Management issued its projections for 2016 (fiscal year ending January 31, 2017) calling for minimal growth in net sales on a constant-exchange-rate basis, and net earnings ranging from unchanged to a mid-single-digit decline compared with $3.83 in 2015, and free cash flow of at least $400 million.
In the full year
On a constant-exchange-rate basis, worldwide net sales rose 2% due to higher sales in Asia-Pacific, Japan and Europe and comparable store sales were equal to the prior year.

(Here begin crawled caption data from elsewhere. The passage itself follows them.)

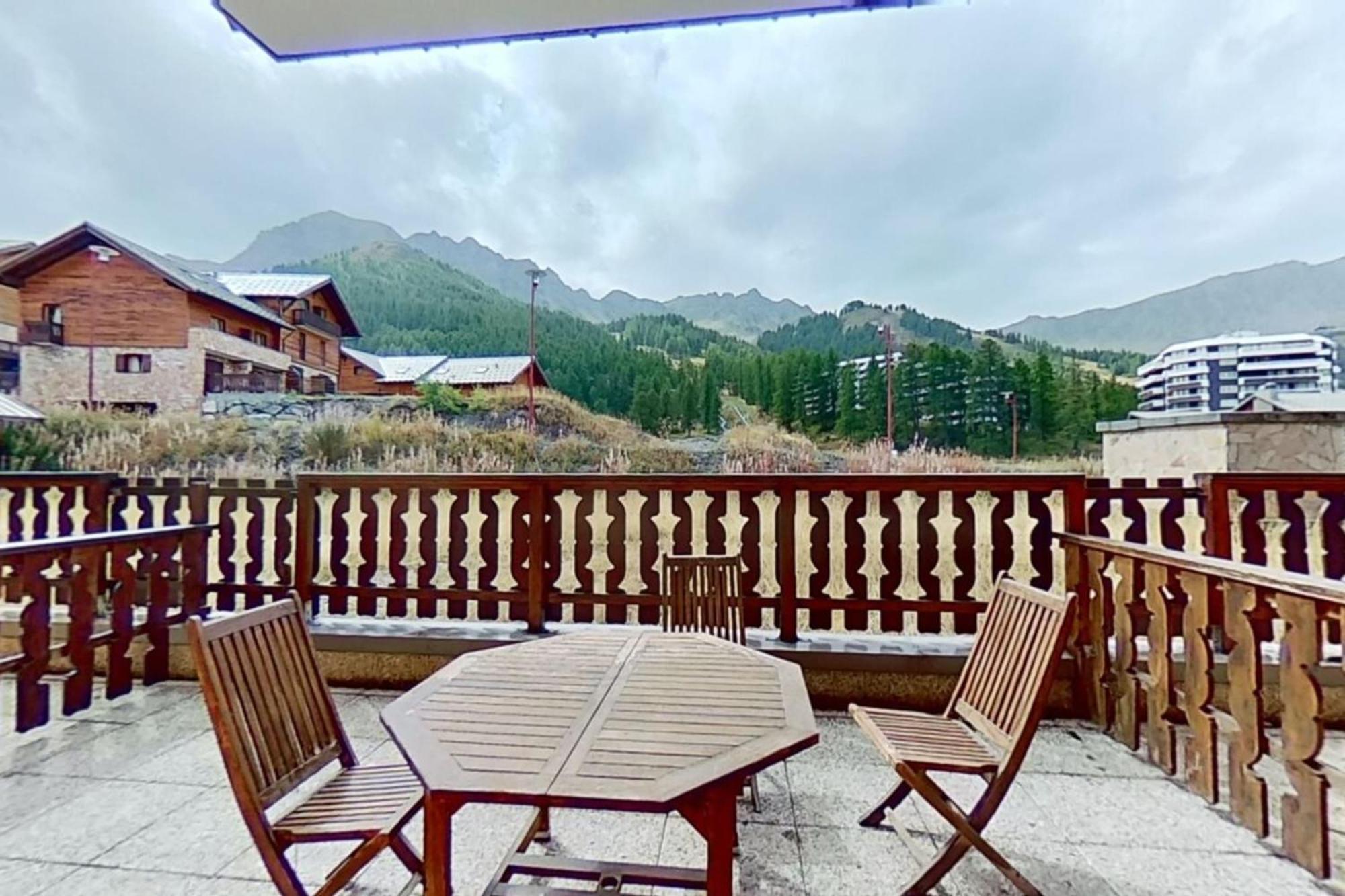 Casa-Amelie Terrace With View And Parking Appartement Vars  Buitenkant foto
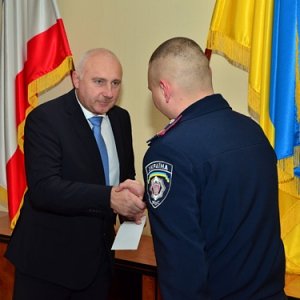 За оперативность и профессионализм крымских правоохранителей наградили премиями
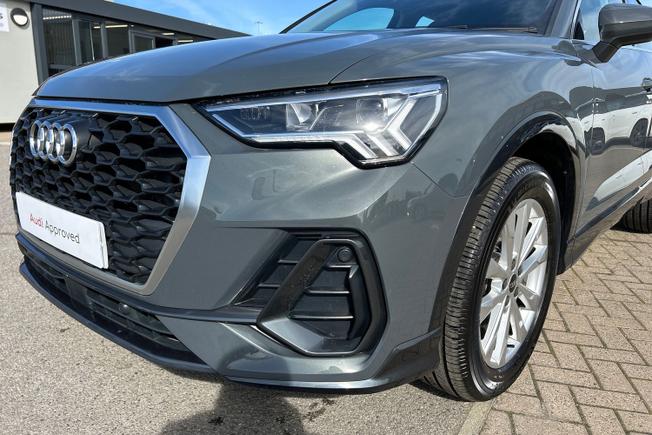 AUDI Q3 Photo 30
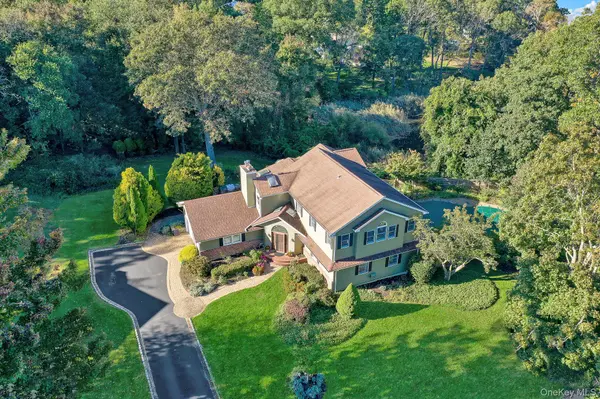 9 Shipyard LN, Setauket, NY 11733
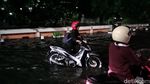Jalan di Surabaya Tergenang Imbas Hujan Disertai Angin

Reported in U.S. dollars, worldwide net sales declined 3% to $4.1 billion.
Net earnings of $493.8 million, or $3.83 per diluted share (excluding pre-tax charges of $37.9 million for two impairments of a loan made to a diamond mining company and $8.8 million for staffing and occupancy reductions) were 9% lower than last year's $545.1 million, or $4.20 per diluted share, which had excluded a debt extinguishment charge; the decline was due to lower sales and higher selling, general and administrative (SG&A) expenses partly offset by a higher gross margin.
On a reported basis, which included the charges in both years, net earnings per diluted share of $3.59 were 4% below the prior year.
In the fourth quarter
On a constant-exchange-rate basis, worldwide net sales declined 2%, reflecting lower sales in the Americas and Asia-Pacific and sales growth in Japan and Europe and comparable store sales declined 5%. Reported in U.S. dollars, worldwide net sales of $1.2 billion were 6% lower than the prior year.
Net earnings of $186.8 million, or $1.46 per diluted share (excluding pre-tax charges of $28.3 million for impairment of a loan made to a diamond mining company and $8.8 million for staffing and occupancy reductions, declined from $196.2 million, or $1.51 per diluted share in the prior year; the decline reflected a lack of sales leverage on higher selling, general and administrative expenses partly offset by a higher gross margin.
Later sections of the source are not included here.